IVth National Risale-i Nur Congress Conclusion Articles

“Küresel Kriz ve Said Nursi’nin İktisad Görüşü”

Giriş

Dünyada ve ülkemizde çok yönlü toplumsal değişikliklere sebep
olması beklenen küresel bir ekonomik krizle karşı karşıyayız. Bu krizin
sonuçlarıyla birlikte nedenlerini de ortaya koymak insanlığın geleceği açısından
büyük önem taşımaktadır. Genel bir değerlendirme ile bugünkü küresel ekonomik
krizin temel nedenlerine inmek farklı ilmi disiplinleri ve ideolojileri
ilgilendiren tartışmaları da beraberinde getirecektir. Bu bağlamda bu
tartışmaların bir ayağını oluşturacak olan “Toplum, Ahlak ve İktisat” masasında
yapılan çalışmalarda, Said Nursi’nin iktisadi görüşlerinden yararlanarak,
vicdandan topluma uzanan geniş bir yelpaze içinde, krizin değerlendirilmesi
yapılmış, sebepleri ortaya konulmuş ve krize çareler üretilmiştir.

İktisadın Tanımı

Modern bir bilim dalı olarak iktisat, sonsuz olan insan
ihtiyaçlarının sınırlı kaynaklarla nasıl karşılanacağını inceleyen bir sosyal
bilimdir. Dünyadaki kaynakların kıt-sınırlı, insan ihtiyaçlarının sınırsız
olduğu tezinden hareketle geliştirilen bu tanımın içerisine sonsuz hırsla
bezenen ‘insan’ dahil edildiğinde, bizi bekleyen krizlerin işaret ettiği alanlar
değişmekte ve bu krizlerin üstesinden nasıl gelineceği sorusu önem
kazanmaktadır.

Arapça bir kavram olan iktisat sözlüklerde; tutum, biriktirme,
tasarruf, uygun hareket, orta yolda olma gibi anlamlarda kullanılır. İktisadın
İslami literatürde “amelde itidal, aşırıya kaçmama” olarak tanımlanması ise
dikkat çekicidir. Maksadını ve talep ettiği şeyi iyi bilen kimse, doğrudan
doğruya ona yönelir. Maksadını iyi değerlendiremeyen ve ne istediğini bilmeyen
kimse ise ifrat ve tefrit içinde kalır, sağa sola bocalar durur. İşte bu nedenle
iktisat, maksada yönelik olan amel anlamındadır.

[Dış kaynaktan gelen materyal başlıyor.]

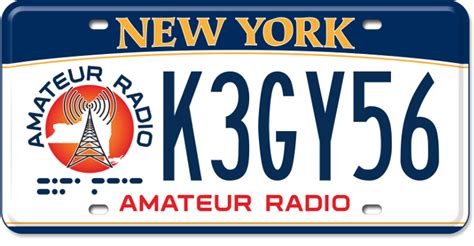 New York DMV | Ham Radio Operator | Ham radio operator ...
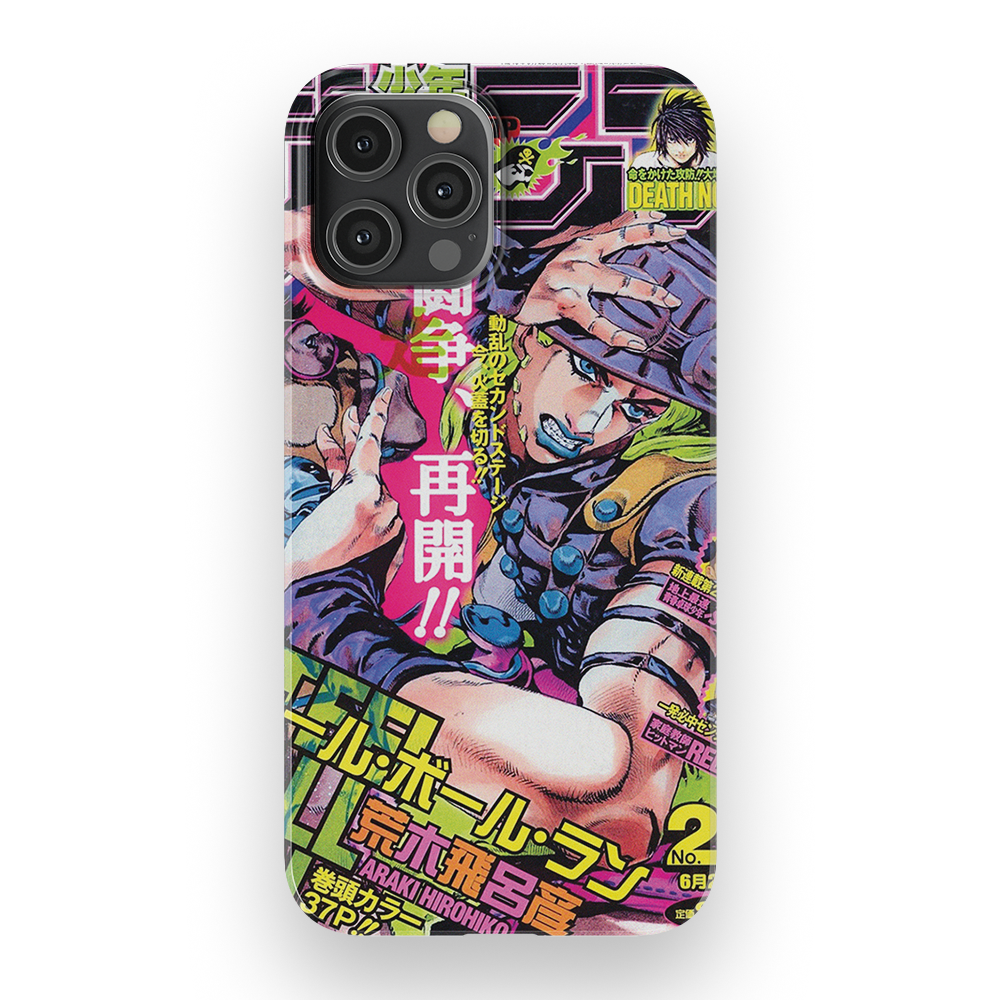JoJo's 2004 Jump Cover-Slim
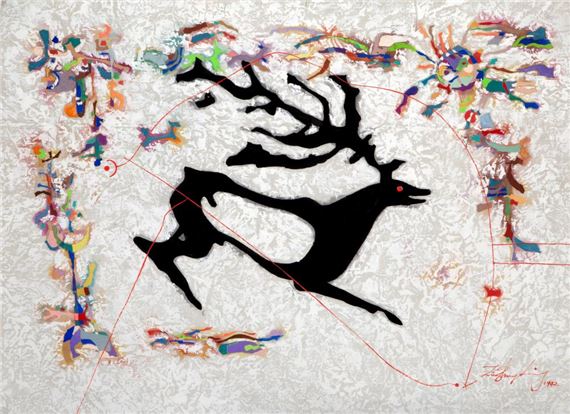 Li Zhongliang | DEER (1992) | MutualArt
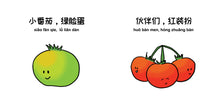 Load image into Gallery viewer, 小番茄 The Little Tomato | A Chinese Children&#39;s Board Book (Chinese &amp; Pinyin Only)
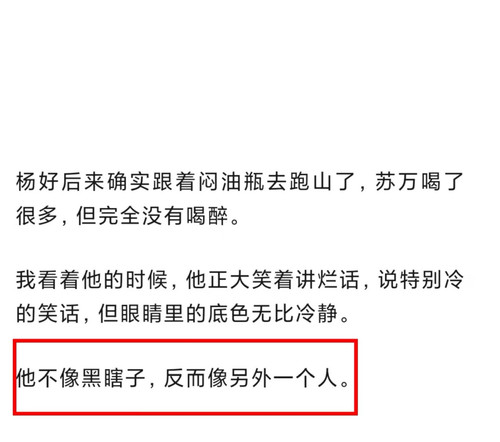 Camera XHS 17144593299371040g00830rtga2bfie004a1ekgi92qckec30gdg edit 12859582178245.jpg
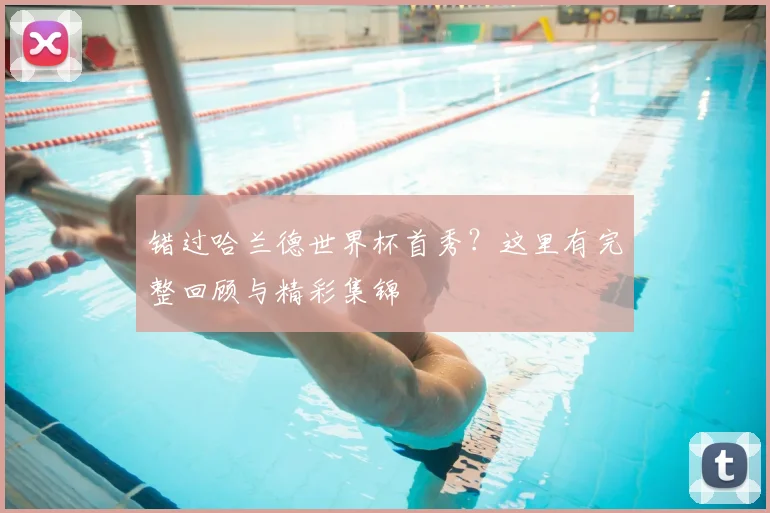 错过哈兰德世界杯首秀？这里有完整回顾与精彩集锦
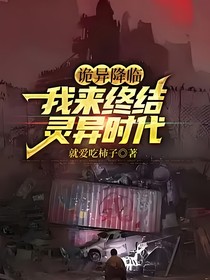 诡异降临，我来终结灵异时代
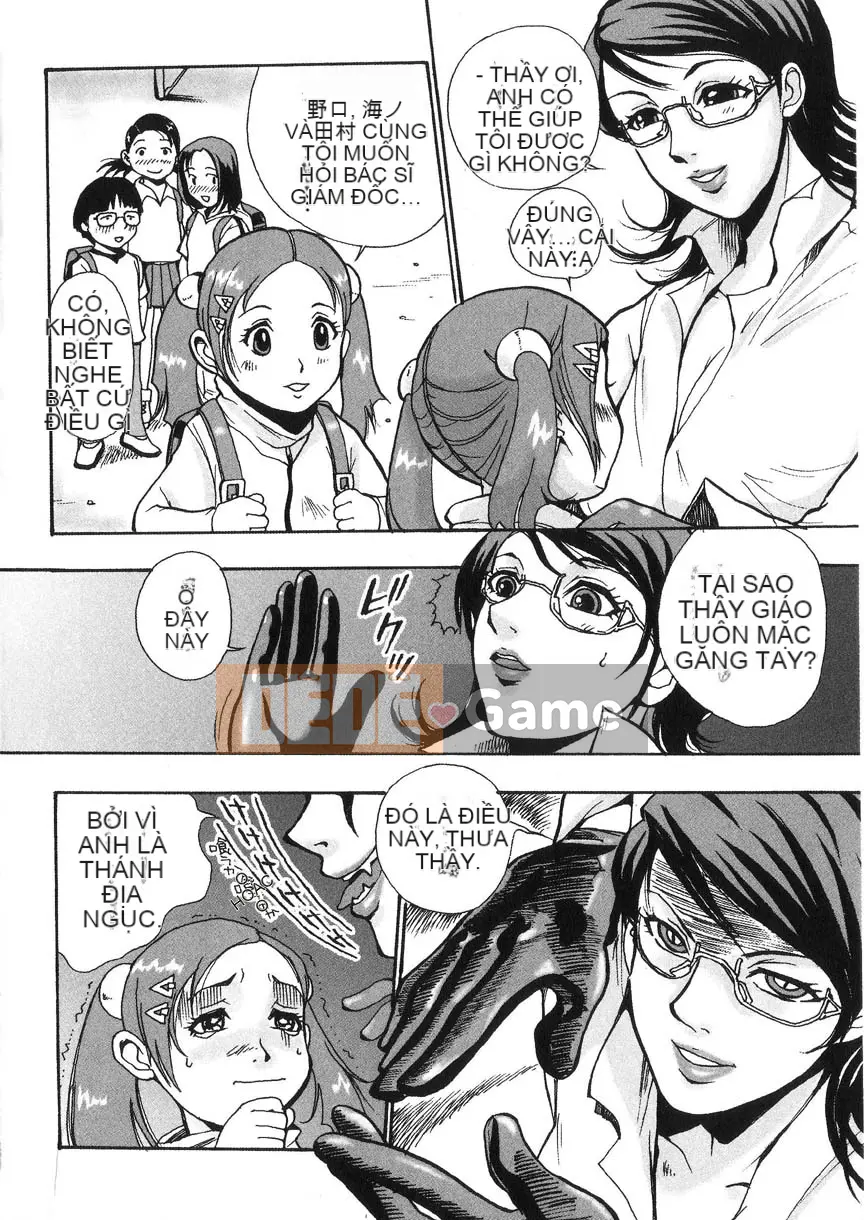 [Vương quốc chiến đấu] Đấu giá Reijou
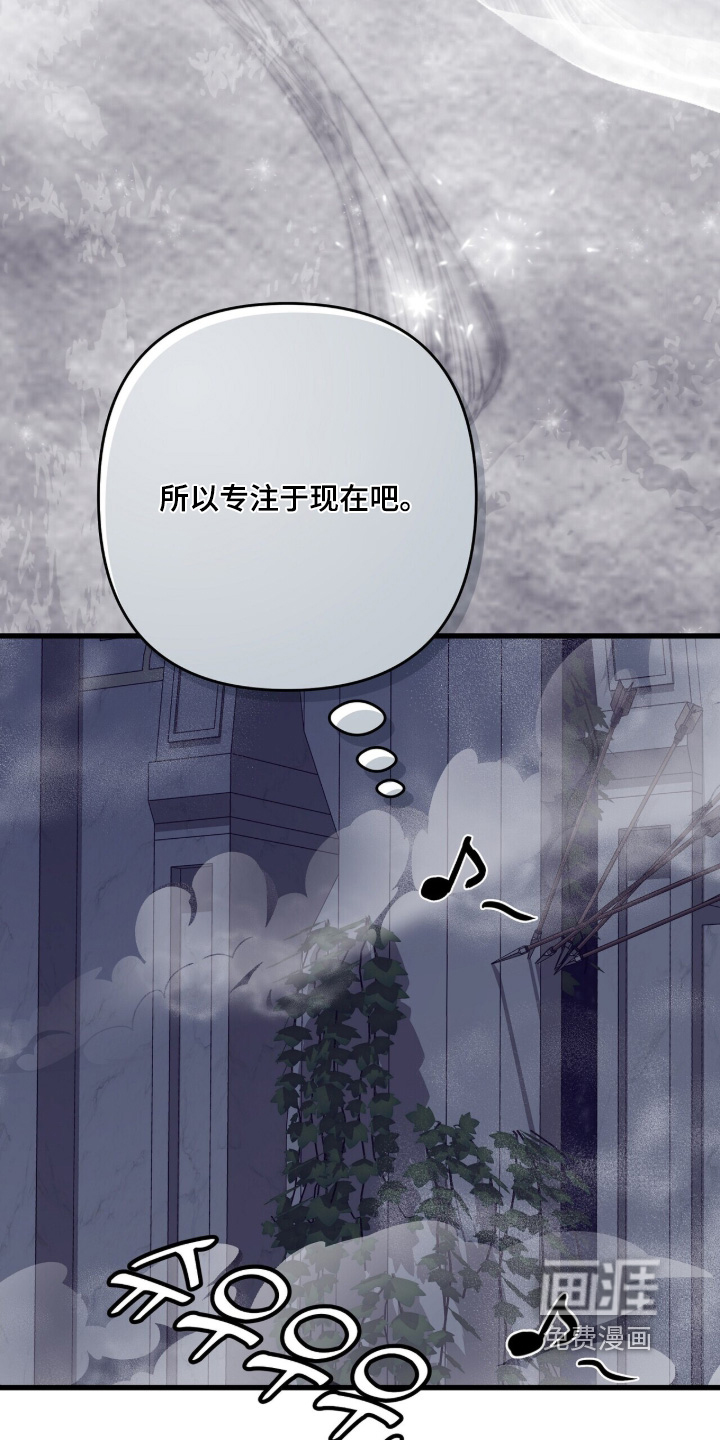 第98话14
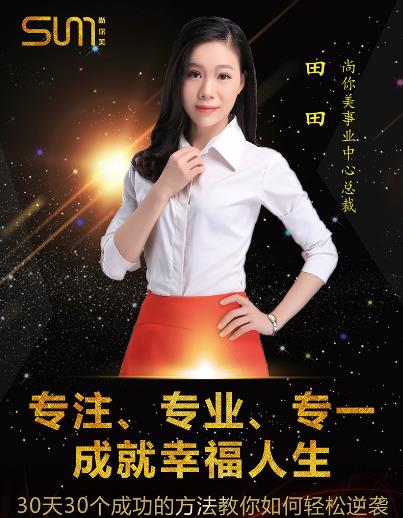 尚你美事業(yè)中心總裁田田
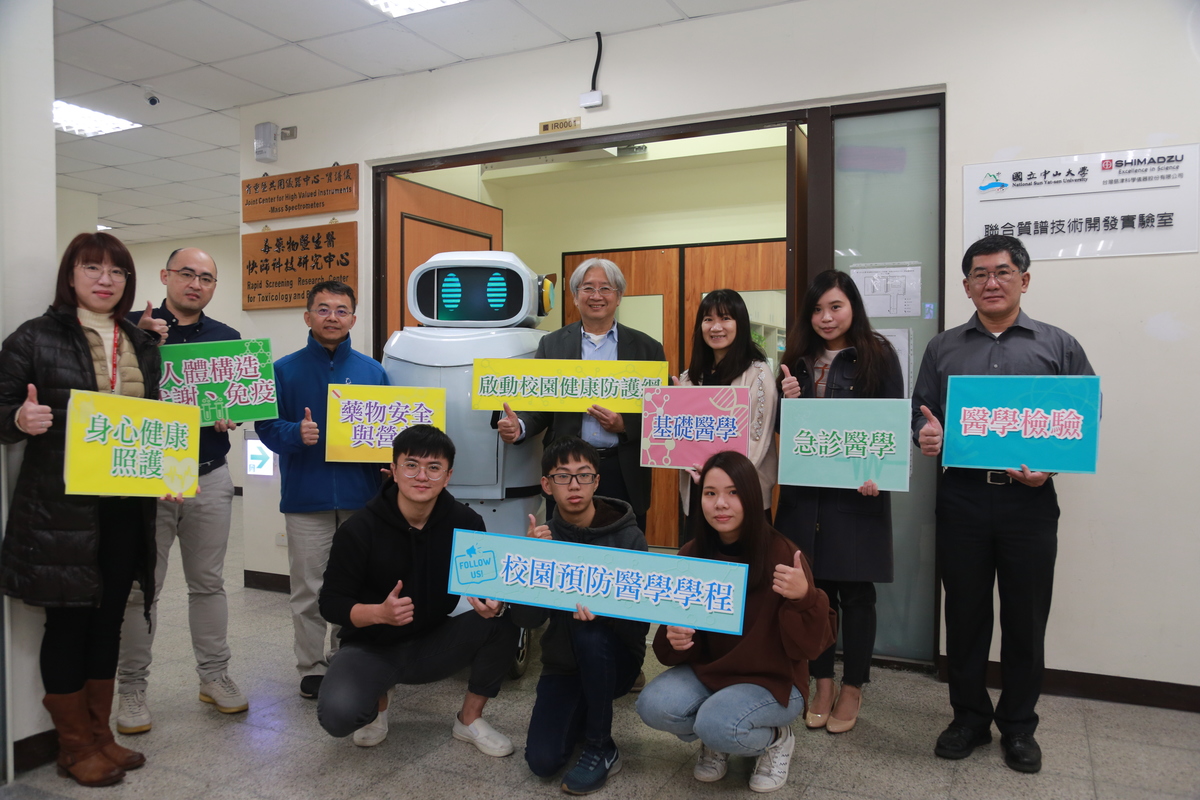 A notable step National Sun Yat-sen University has taken in establishing its School of Post-Baccalaureate Medicine is its recent launching of the Program in Preventive Medicine for undergraduate students. One of the Program’s courses, a seminar on mental and physical health, attracted more than 200 students in a rush to register.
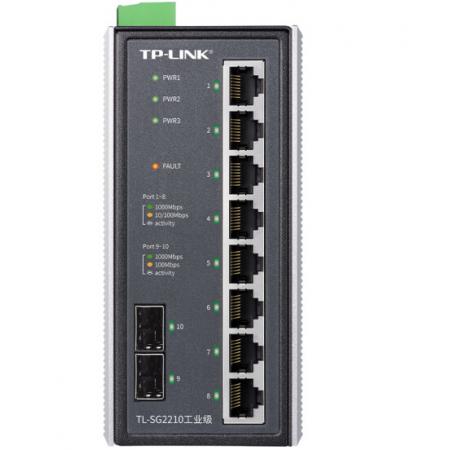 普聯(lián)（TP-LINK）企業(yè)辦公家用校園宿舍網(wǎng)絡交換機 TL-SG2210工業(yè)級 8口千兆 tp交換器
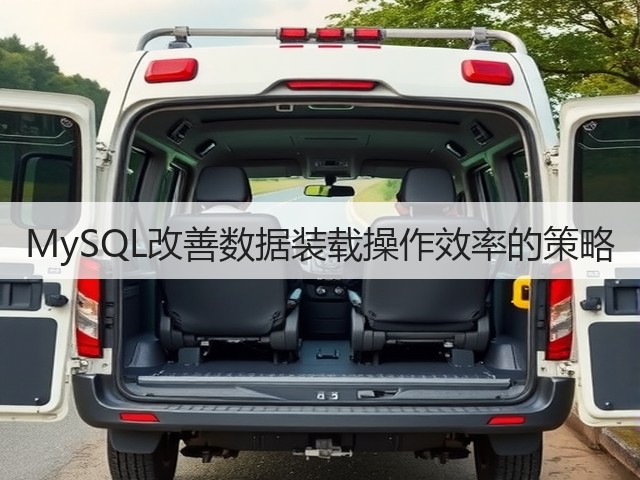 MySQL改善数据装载操作效率的策略(图2)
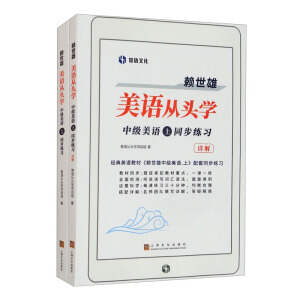 ه�������Z���^�W���м����Z����ͬ������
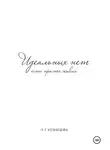 Людмила Кузнецова - Идеальных нет,есть просто живые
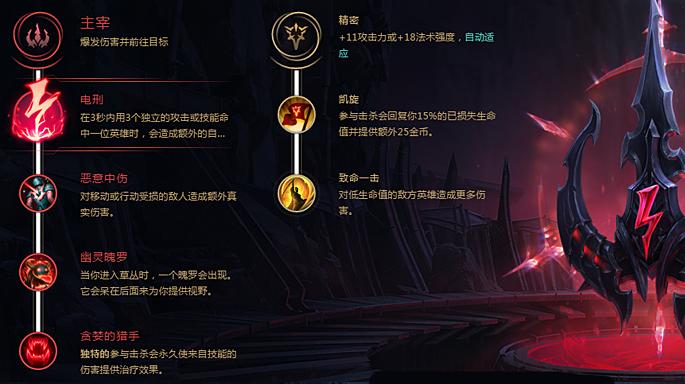 英雄联盟英雄铠介绍,英雄联盟英雄介绍凯隐教学
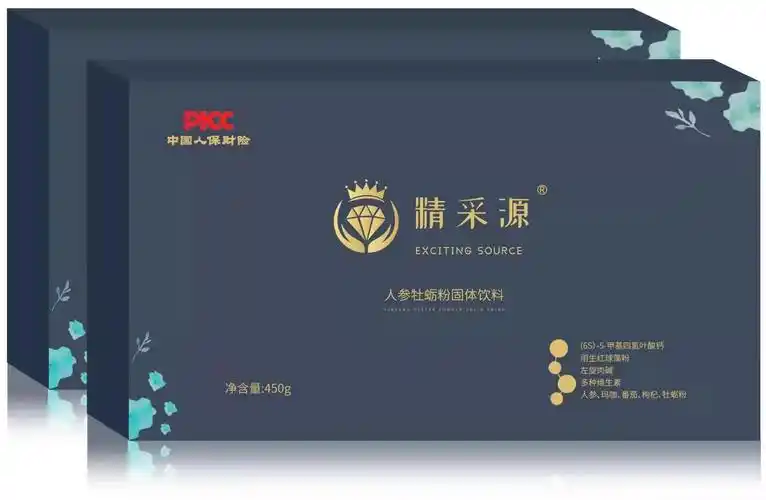 人参牡蛎固体饮料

Bediüzzaman’ın iktisadi görüşlerinin anlaşılabilmesi Risale-i
Nurların bir bütün olarak ele alınması ile mümkün olacaktır. Said Nursi’nin
kullandığı iktisat kavramı, bilimsel anlamda kullanılan ekonomi ve iktisat
kavramlarından farklı alanlara işaret etmektedir. Bediüzzaman’a göre insanın
zorunlu ihtiyaçları, üzerinde önemle durulması gereken bir konudur. Modern
ekonomi daha çok üretmek, tüketmek üzerine kuruludur. Daha çok tüketmek üzerine
kurulu bir ekonomi anlayışı gayr-i ahlaki sonuçları da beraberinde
getirmektedir. Bediüzzaman’ın belirlediği zeminin ilk ayağı, insanın ihtiyacı
kadar üretip tüketmesi üzerine kuruludur. Bediüzzaman, sonsuz ihtiyacata medar
olan ve arzuları alemin dört bir yanına dağılmış olan insanı ele alırken onu
ahlaki bir özne olarak düşünmüştür. Bediüzzaman’ın iktisat anlayışında insan
ihtiyaçlarının meşrû ve ahlâkî sınırlar içerisinde karşılanması söz konusudur.

Ekonomik Krizin Nedenleri

Yaşanan kriz, finansal bir kriz olarak ifade edilmekle birlikte
aslında mali bir krizdir. Zira kriz, büyük ölçüde üreticilerin ve tüketicilerin
bankalara olan kredi borçlarını ödeyememelerinden kaynaklanmıştır. Bunun yanında
dünyada dolaşan sanal paranın da piyasalar üzerinde menfi tesirler doğurduğu
inkar edilemez.

Teknolojik gelişmeler de krizin önemli sebeplerinden biri
sayılabilir. Çünkü teknoloji, daha önce çok sayıda insanın yaptığı işleri az
sayıda insanla yapabilme imkanını sağlamıştır. Geçmişte insanların yüzde sekseni
tarımda çalışıyordu. Teknolojinin getirdiği imkanlarla bugün insanların yüzde
onunun çalışması ile aynı netice alınabilmektedir. Bunun sonucunda da yüksek bir
oran işsiz kalmaktadır. Aynı şekilde sanayi üretimi de insanların belli bir
oranı ile gerçekleştirilebilmekte, sanayinin gelişmesi işsizliğin ortadan
kalkması için çare olamamaktadır. Teknoloji toplumunu tekrar tarıma yönlendirmek
de mümkün değildir. Bu nedenle yeni iş sahalarının açılması zaruridir.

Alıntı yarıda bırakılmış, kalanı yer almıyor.